Okay, it's Sunday evening, May 6, and I'm getting ready to  "Live Below the Line" for five days. As accurately as can be calculated, an American attempting to feed herself on what a "typical" person who lives in a developing country and is extremely poor would spend has about $1.50 per day to spend on food. Of course, we have a lot of advantages, not least access to information (and refrigerators), and the ability to purchase items in bulk because we actually have the cash on hand, and if necessary can drive to a store that has cheaper items.

In the photo are a tablespoon next to my big olive oil can (I'm allotting 2 T/oil/day), the rice, bean, and lentil bags from the market in Chicago, my 10 cloves of garlic, 2½ onions, the 6 kiwi, 5 eggs, 15 grinds of salt (one for each meal!) and the amount of broccoli I was able to buy for $1.00.
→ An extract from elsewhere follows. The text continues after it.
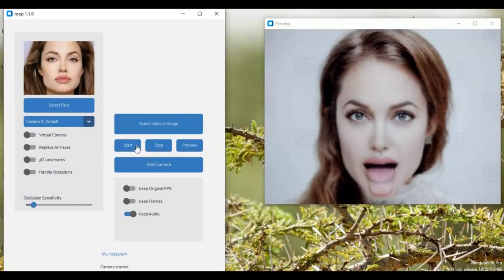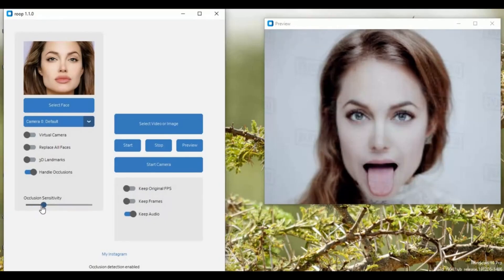No matter if it's tongue out, a hand in front of the mouth, or someone talking, you can perfectly occlude it. Not only does it do occlusion, it also increases the pixel quality of the face swap even without any enhancer — it's really amazing. With the slider, you can adjust how much occlusion you want to apply.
This takes some planning, not necessarily my strong suit. Last week I went to a neighborhood shop in Chicago with cheaper food than what is available in Evanston. I'm drawing on my work in rural Kenya, where I've both shopped and cooked, and I've decided that, as is common for poor people, I will eat a very limited menu, and the same thing all five days. Here are my self-imposed constraints:

•no gluten or dairy, as I am sensitive to both
•as nutritionally dense as possible, even though I only need to do it for 5 days
•I will buy non-organic produce
•I won't buy meat or eggs from animals treated badly. This means I can't afford meat, but have budgeted for free range eggs.
•I will cheat and call coffee "water", which is free. I freely confess to being addicted, and if I don't drink coffee I will have a headache (and be constipated!) by Tuesday evening. But - I'll drink it black rather than use my beloved rice milk.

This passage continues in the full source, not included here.